Autoportrait et narcissisme

Au-delà d’un niveau d’analyse spontanément axée autour des notions de narcissisme et d’égocentrisme avec la question de l’autoportrait et plus particulièrement de Serial portraits que je propose depuis 10 ans, on peut s’intéresser à la question d’une tout autre manière. A une époque où tout le monde veut participer au monde tel qu’il est, et ce d’autant plus qu’on nous arrose à longueur de temps et d’analyses,  de constats d »impuissance », on constate en parallèle le développement de l’artiste ou tout au moins du créateur en chaque citoyen.

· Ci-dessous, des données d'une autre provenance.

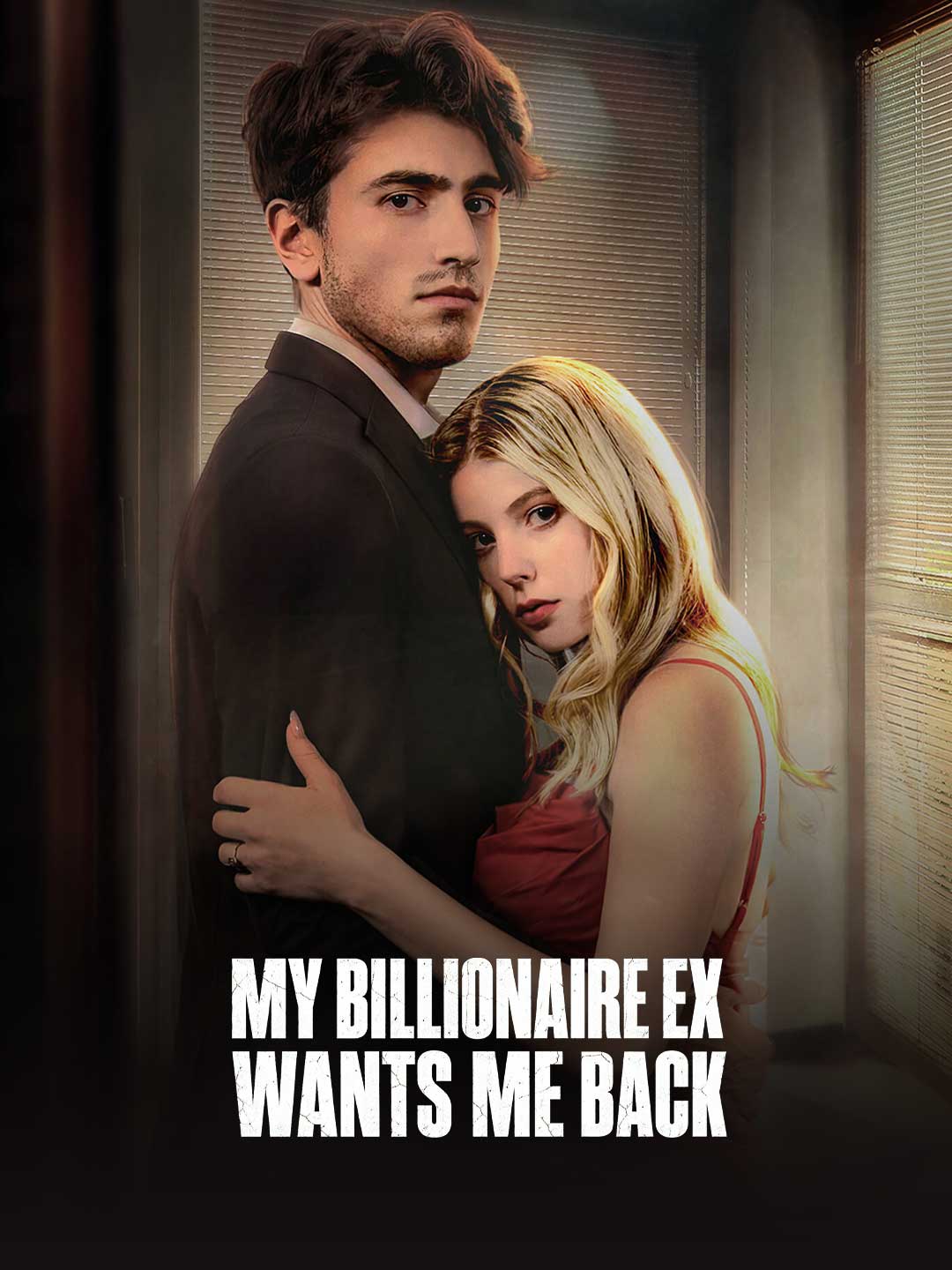 My Billionaire Ex Wants Me Back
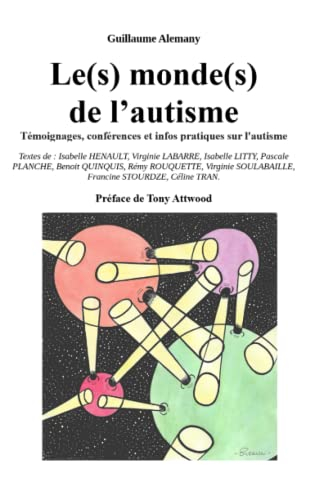 Les mondes de l'autisme: Témoignages, conférences et infos pratiques sur l'autisme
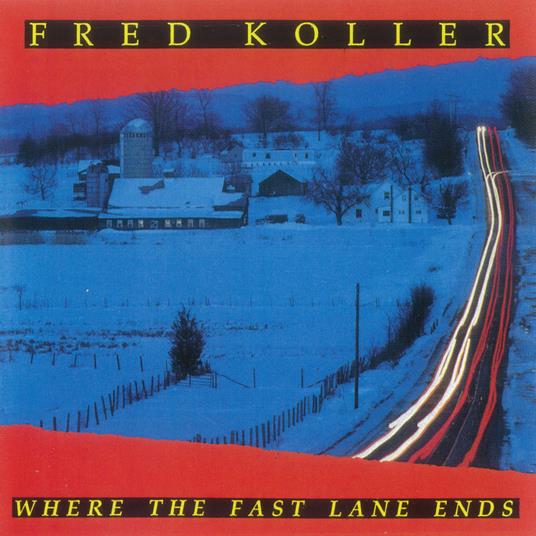 Where The Fast Lane Ends - CD Audio di Fred Koller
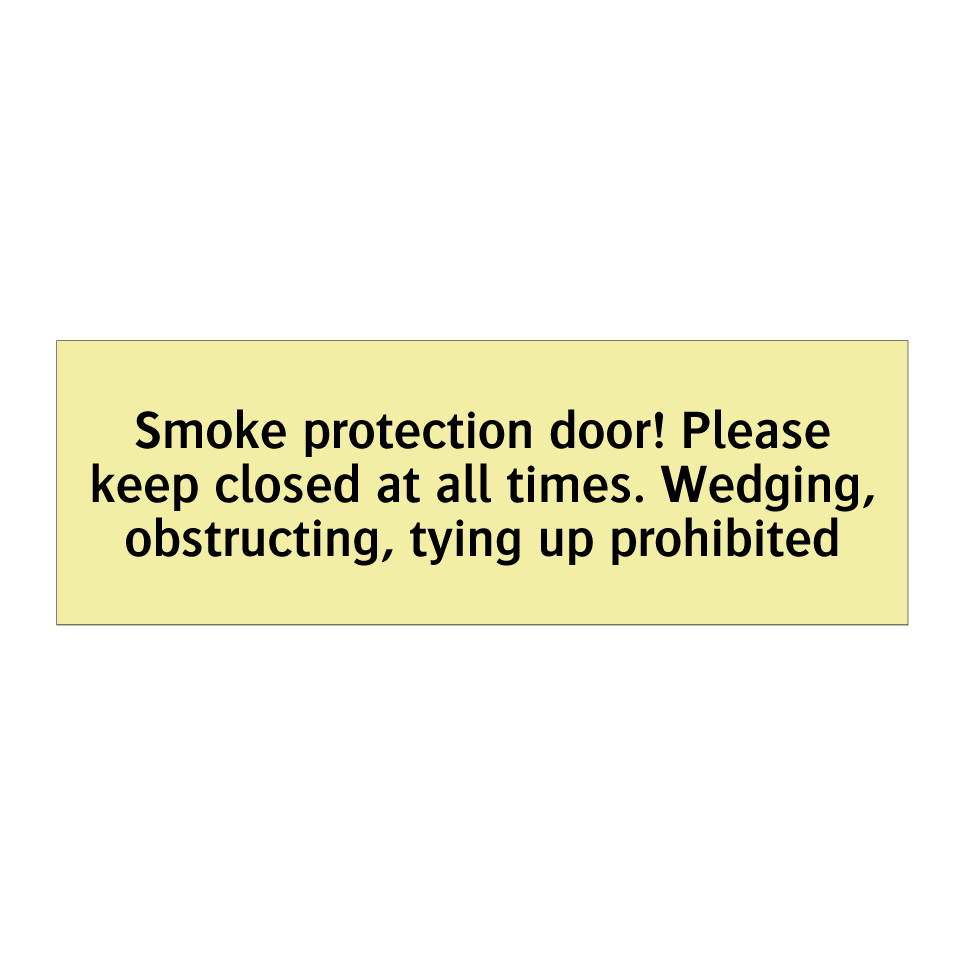 Smoke protection door! Please keep closed at all times. Wedging, obstructing, tying up prohibited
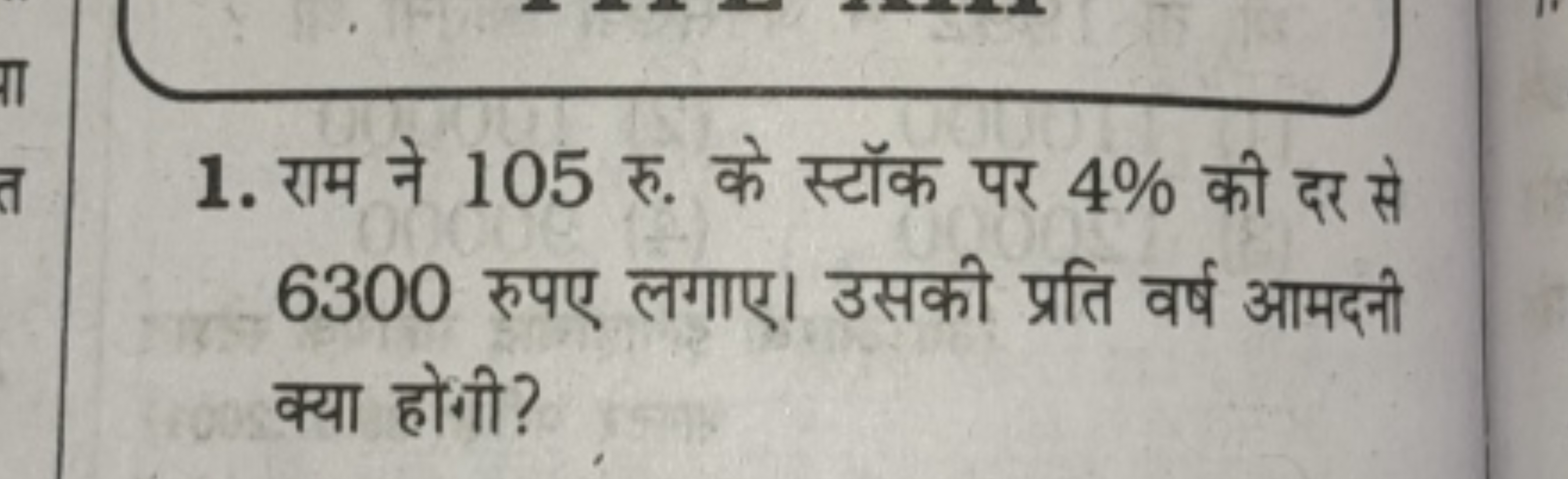 1. राम ने 105 रु. के स्टॉक पर 4% की दर से 6300 रुपए लगाए। उसकी प्रति व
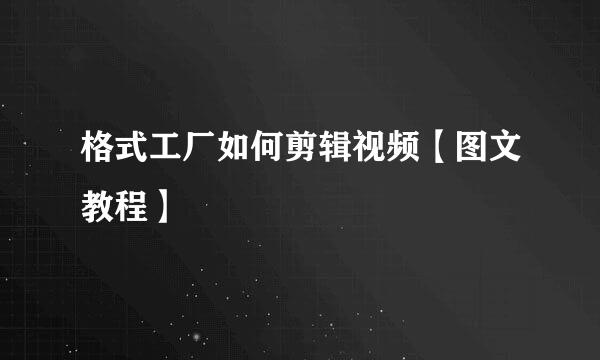 格式工厂如何剪辑视频【图文教程】
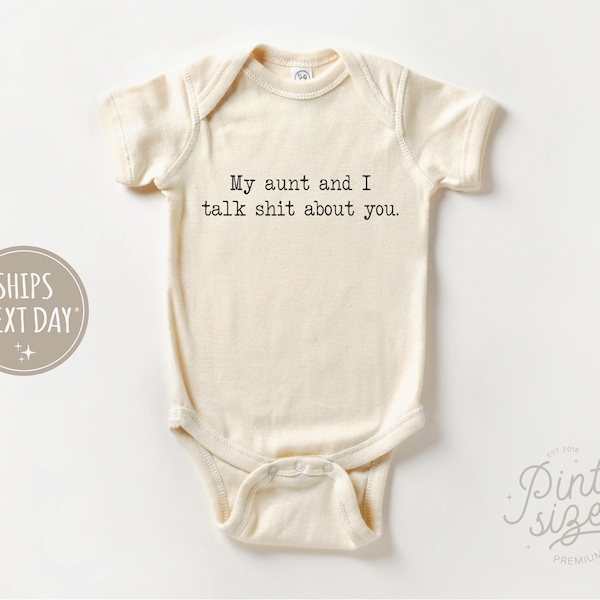 My Aunt And I Talk Shit About You Onesie® - Funny Aunt Natural Bodysuit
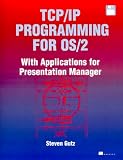 Tcp/Ip Applications Programming for Os/2: With Applications for Presentation Manager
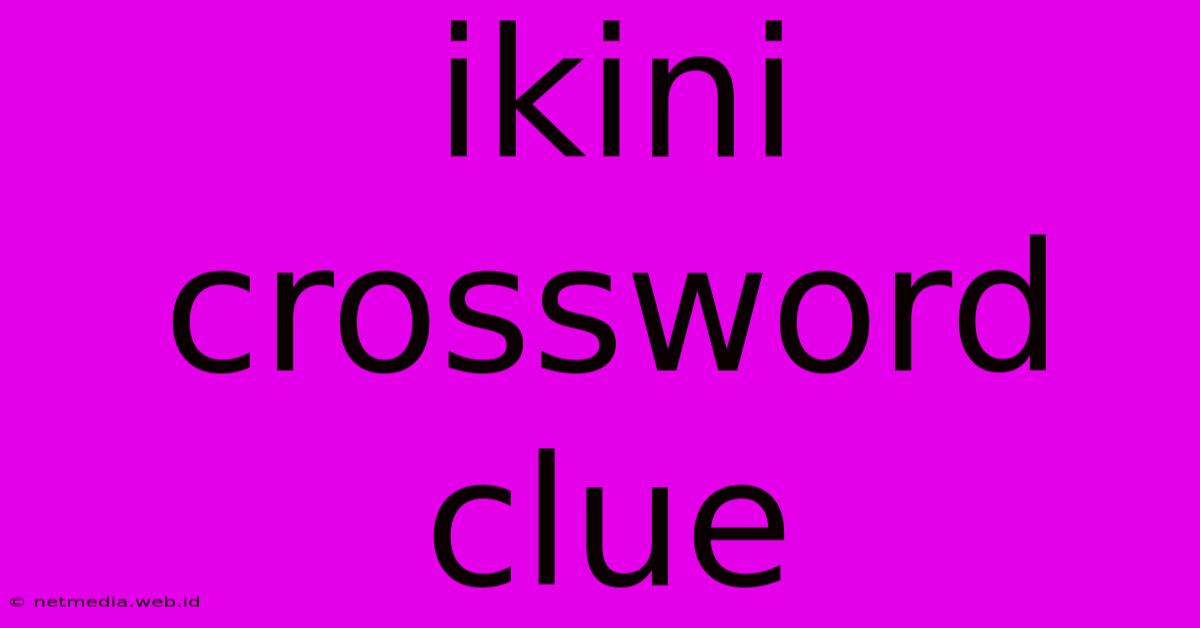 Ikini Crossword Clue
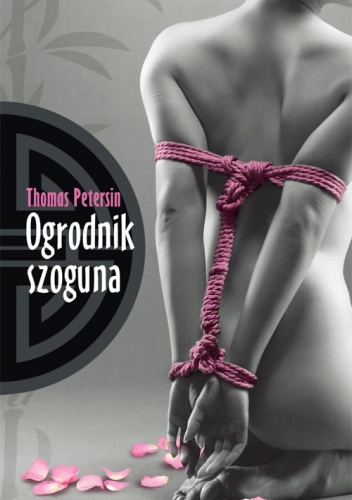 Ogrodnik szoguna - Thomas Petersin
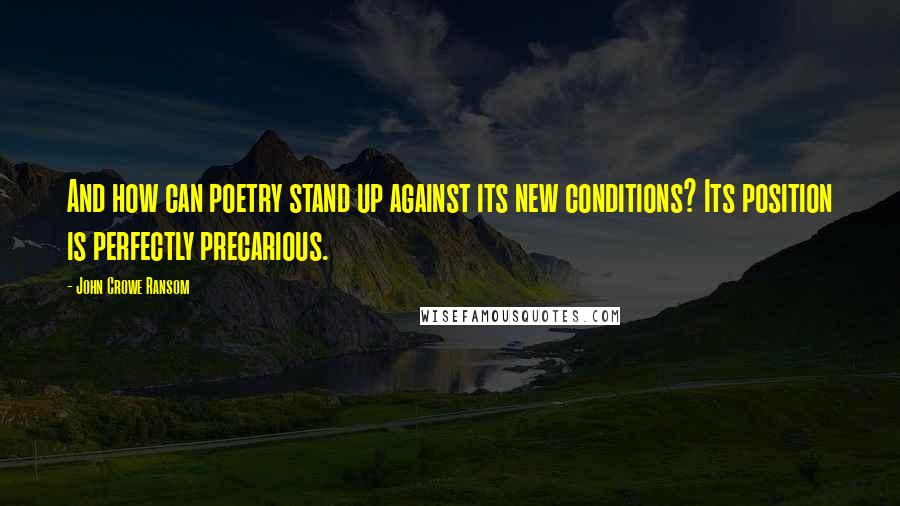 John Crowe Ransom Quotes: And how can poetry stand up against its new conditions? Its position is perfectly precarious.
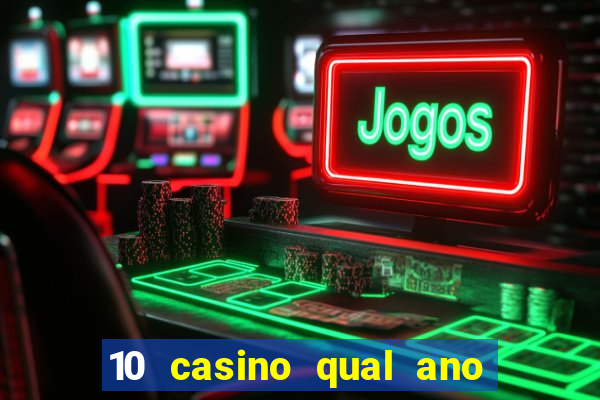 10 casino qual ano de lan?amento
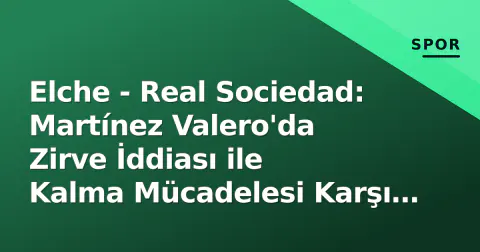 Elche - Real Sociedad: Martínez Valero'da Zirve İddiası ile Kalma Mücadelesi Karşı Karşıya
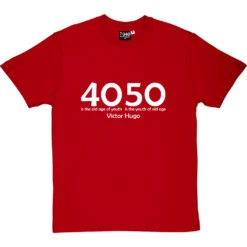 40 Is The Old Age Of Youth T-Shirt -ThinkWear Collective Sales 40oldageofyouth 2 redtshirt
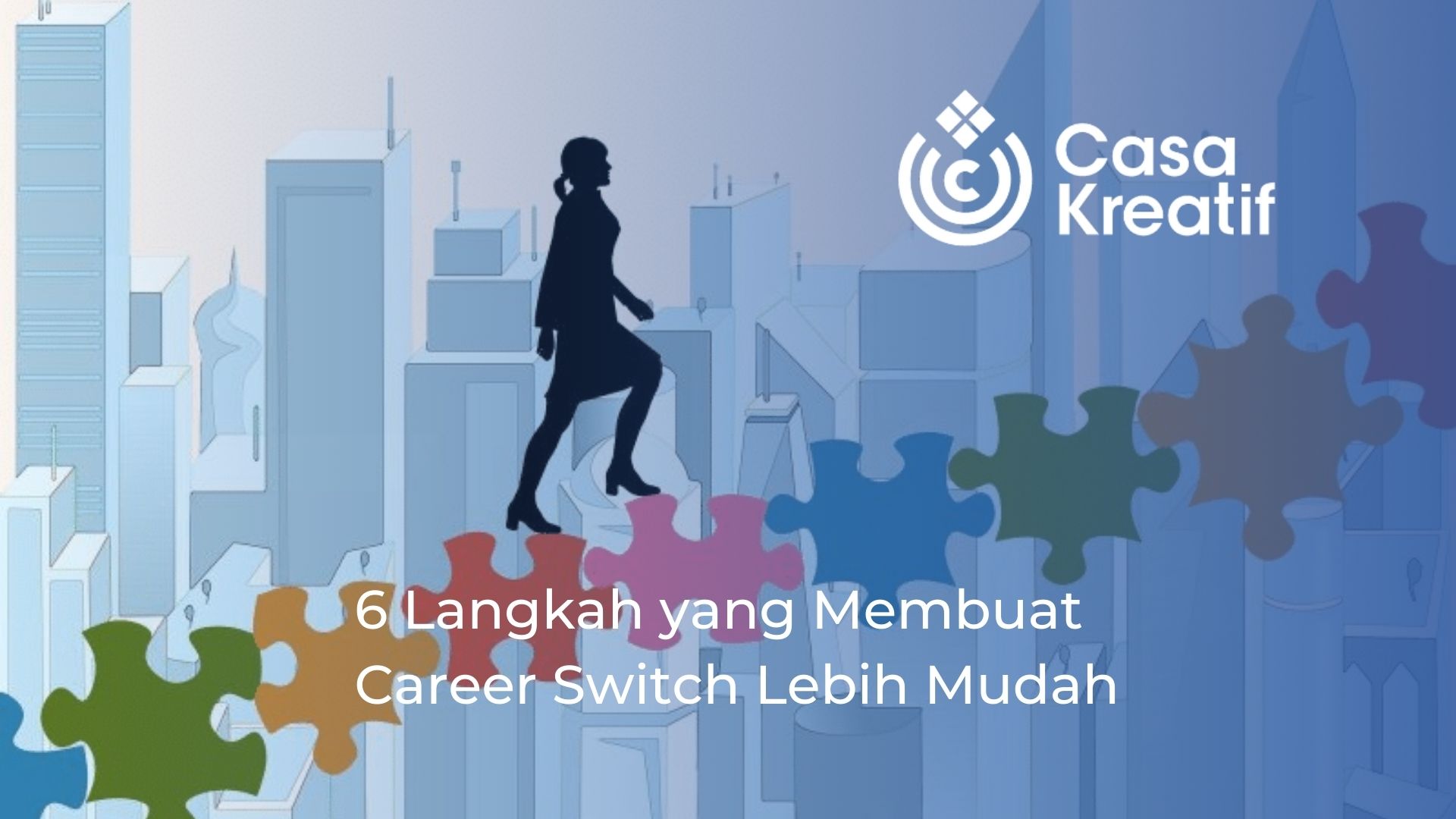 6 Langkah Yang Membuat Career Switch Lebih Mudah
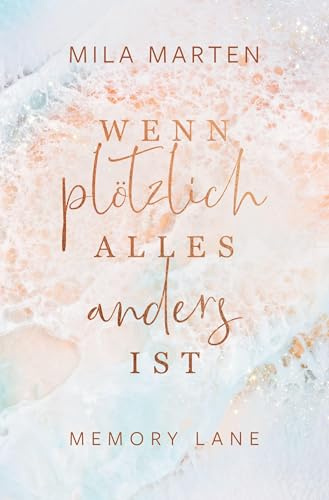Wenn plötzlich alles anders ist (Memory Lane)
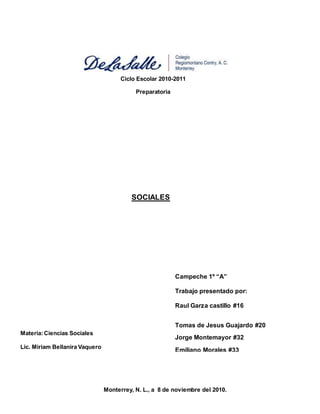 Monterrey, N. L., a 8 de noviembre del 2010.
Materia:Ciencias Sociales
Lic. Miriam Bellanira Vaquero
Ciclo Escolar 2010-2011
Preparatoria
SOCIALES
Campeche 1º “A”
Trabajo presentado por:
Raul Garza castillo #16
Tomas de Jesus Guajardo #20
Jorge Montemayor #32
Emiliano Morales #33
Tomas Ochoa # 35
 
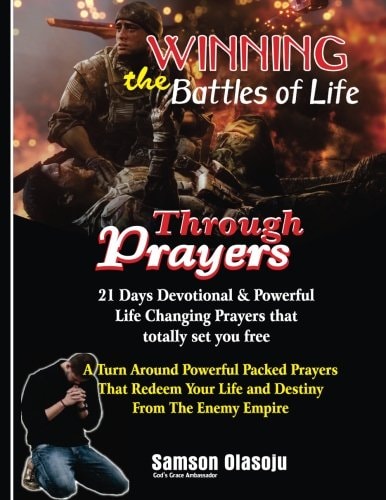 Winning the Battles of Life Through Prayers 21 Days Devotional and Powerful Life Changing Prayers That Totally Set You Free: a Turn Around Powerful Packed Prayers That Redeem Your Life and Destiny from the Enemy Empire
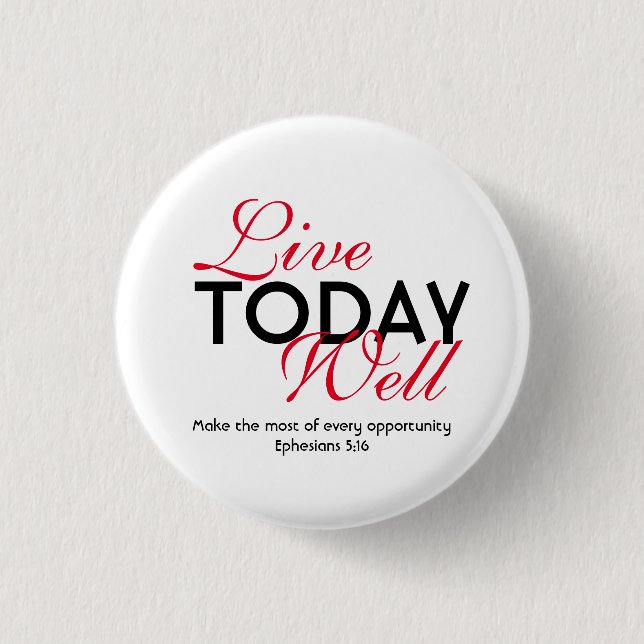 LIVE TODAY WELL Motivational Scripture Ephesians 1 Inch Round Button (Front)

Serial Portraits, c’est une exploration du travail du regard et des implications des regards croisés. Ce qui m’avait fait démarrer ce processus s’inscrivait à l’origine dans une démarche de photographe : il me fallait absolument capter ce regard,  que je sentais si particulier lors de ce qui n’était qu’un classique exercice de dessin. J’ai associé ce regard au regard du créateur. Le créateur, c’est dans une certaine mesure le visiteur, le regardeur. Que devient le travail de l’artiste et donc l’artiste lui-même,  sans le regard de l’autre pour le faire vivre ? Ce que je constate au fil du temps, c’est que ce projet génère une projection trés personnelle de ceux qui portent un regard dessus. Leurs paroles sont leurs propres filtres et révèlent leurs intimes problématiques…suivez mon regard !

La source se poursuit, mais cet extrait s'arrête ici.